[What this task involves] Reproduce the data below line by line, from its first line to the line with "Tiger Photo Fog Close Sticker by", both included, and nothing past that point.

--- Records to use Enclosed Below ---

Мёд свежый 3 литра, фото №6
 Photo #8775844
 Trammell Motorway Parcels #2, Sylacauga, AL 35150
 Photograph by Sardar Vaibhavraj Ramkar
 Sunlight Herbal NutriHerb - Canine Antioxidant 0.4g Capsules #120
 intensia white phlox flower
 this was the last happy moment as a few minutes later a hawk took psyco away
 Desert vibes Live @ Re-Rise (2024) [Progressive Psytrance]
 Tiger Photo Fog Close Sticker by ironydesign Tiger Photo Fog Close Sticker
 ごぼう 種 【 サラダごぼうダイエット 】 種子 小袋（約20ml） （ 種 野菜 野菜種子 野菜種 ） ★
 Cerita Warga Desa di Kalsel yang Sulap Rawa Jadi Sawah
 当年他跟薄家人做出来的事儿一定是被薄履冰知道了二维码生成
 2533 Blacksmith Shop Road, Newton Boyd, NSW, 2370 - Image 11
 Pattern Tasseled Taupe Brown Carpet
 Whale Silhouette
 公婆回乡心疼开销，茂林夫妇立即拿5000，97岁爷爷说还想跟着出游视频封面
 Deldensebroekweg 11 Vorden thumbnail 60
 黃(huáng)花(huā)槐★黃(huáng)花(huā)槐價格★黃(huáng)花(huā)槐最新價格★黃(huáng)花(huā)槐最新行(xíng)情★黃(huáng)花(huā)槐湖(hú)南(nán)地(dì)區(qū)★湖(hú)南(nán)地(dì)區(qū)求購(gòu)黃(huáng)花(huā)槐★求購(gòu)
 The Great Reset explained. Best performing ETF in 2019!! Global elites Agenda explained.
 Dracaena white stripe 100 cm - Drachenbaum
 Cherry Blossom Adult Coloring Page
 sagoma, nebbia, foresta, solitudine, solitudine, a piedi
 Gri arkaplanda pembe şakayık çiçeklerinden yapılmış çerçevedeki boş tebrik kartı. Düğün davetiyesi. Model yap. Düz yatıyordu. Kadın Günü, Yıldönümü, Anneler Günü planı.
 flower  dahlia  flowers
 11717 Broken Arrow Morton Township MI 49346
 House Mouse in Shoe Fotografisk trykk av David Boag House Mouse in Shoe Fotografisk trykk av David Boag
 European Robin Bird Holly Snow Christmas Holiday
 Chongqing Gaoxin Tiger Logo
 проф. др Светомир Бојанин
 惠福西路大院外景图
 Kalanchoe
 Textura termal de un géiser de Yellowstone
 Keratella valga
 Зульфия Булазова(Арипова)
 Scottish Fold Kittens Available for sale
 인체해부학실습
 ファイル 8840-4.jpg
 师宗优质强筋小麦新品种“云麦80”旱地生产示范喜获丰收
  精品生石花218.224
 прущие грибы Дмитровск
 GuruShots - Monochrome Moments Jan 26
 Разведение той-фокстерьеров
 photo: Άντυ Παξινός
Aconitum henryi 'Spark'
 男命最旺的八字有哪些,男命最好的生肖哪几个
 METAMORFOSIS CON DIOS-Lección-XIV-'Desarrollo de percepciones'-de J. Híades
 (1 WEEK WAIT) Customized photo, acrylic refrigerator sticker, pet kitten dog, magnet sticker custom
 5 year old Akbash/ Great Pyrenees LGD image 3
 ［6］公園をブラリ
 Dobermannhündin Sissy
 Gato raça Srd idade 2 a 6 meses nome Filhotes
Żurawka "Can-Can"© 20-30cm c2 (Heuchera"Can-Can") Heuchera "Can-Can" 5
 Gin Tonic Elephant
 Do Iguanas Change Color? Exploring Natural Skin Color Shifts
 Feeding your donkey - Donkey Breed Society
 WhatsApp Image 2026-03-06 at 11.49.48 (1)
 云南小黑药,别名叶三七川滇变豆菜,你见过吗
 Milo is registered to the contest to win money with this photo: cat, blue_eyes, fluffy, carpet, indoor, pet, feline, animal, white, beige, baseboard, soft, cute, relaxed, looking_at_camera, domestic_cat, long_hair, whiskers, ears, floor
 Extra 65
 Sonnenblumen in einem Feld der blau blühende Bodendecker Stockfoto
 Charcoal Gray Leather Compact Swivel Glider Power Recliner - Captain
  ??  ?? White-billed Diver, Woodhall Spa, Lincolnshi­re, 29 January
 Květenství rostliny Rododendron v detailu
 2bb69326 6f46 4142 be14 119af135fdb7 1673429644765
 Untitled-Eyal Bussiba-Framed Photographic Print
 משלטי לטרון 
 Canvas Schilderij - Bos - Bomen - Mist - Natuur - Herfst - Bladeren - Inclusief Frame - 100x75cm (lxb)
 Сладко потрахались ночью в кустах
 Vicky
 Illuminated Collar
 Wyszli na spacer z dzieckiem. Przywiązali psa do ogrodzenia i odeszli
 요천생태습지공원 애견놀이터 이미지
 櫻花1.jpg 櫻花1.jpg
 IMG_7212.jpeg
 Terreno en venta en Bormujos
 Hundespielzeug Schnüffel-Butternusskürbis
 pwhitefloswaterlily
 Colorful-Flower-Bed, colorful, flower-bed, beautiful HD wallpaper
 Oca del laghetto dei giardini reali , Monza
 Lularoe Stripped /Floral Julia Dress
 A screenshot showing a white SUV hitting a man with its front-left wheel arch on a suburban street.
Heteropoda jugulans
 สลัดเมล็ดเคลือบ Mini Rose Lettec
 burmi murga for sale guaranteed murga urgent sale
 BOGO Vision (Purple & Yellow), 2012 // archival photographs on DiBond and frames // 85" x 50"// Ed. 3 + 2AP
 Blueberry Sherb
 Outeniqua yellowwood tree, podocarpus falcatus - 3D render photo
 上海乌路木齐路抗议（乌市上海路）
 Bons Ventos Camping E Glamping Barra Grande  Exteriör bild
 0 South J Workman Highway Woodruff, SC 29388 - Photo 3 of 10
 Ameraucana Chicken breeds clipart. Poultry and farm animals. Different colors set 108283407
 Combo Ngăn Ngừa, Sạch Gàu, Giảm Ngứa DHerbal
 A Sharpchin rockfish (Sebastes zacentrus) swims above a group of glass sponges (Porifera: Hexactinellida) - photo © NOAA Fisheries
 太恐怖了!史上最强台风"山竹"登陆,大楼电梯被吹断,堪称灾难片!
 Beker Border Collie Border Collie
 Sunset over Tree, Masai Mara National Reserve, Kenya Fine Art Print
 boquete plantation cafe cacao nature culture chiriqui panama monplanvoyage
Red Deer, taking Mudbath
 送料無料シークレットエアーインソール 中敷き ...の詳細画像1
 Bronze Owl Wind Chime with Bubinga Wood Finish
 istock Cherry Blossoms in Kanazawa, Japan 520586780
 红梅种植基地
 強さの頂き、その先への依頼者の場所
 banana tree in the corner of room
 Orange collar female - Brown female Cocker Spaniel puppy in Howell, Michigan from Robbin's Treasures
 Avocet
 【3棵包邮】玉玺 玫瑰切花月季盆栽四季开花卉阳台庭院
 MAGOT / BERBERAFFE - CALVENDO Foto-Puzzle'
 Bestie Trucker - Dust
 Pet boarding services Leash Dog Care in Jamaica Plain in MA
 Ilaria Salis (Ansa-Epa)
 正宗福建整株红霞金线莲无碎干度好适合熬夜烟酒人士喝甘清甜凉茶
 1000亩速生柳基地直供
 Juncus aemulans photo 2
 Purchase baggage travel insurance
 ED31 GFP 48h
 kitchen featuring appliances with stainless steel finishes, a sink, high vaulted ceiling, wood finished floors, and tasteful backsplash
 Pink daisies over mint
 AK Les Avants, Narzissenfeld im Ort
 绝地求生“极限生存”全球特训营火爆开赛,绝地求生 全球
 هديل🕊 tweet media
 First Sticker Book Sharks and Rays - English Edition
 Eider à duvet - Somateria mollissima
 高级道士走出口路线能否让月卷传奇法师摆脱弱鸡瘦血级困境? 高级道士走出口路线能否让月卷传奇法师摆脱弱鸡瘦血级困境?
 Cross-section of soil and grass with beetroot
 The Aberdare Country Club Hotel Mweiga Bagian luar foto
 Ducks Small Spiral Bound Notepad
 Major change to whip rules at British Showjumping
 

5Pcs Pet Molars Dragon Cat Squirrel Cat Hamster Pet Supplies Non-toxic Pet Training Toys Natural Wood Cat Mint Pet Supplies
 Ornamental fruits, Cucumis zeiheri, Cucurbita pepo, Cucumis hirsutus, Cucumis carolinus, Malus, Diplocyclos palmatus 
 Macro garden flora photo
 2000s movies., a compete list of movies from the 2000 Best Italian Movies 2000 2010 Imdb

--- End of Enclosed Records to use ---

[Response box]
Мёд свежый 3 литра, фото №6
 Photo #8775844
 Trammell Motorway Parcels #2, Sylacauga, AL 35150
 Photograph by Sardar Vaibhavraj Ramkar
 Sunlight Herbal NutriHerb - Canine Antioxidant 0.4g Capsules #120
 intensia white phlox flower
 this was the last happy moment as a few minutes later a hawk took psyco away
 Desert vibes Live @ Re-Rise (2024) [Progressive Psytrance]
 Tiger Photo Fog Close Sticker by ironydesign Tiger Photo Fog Close Sticker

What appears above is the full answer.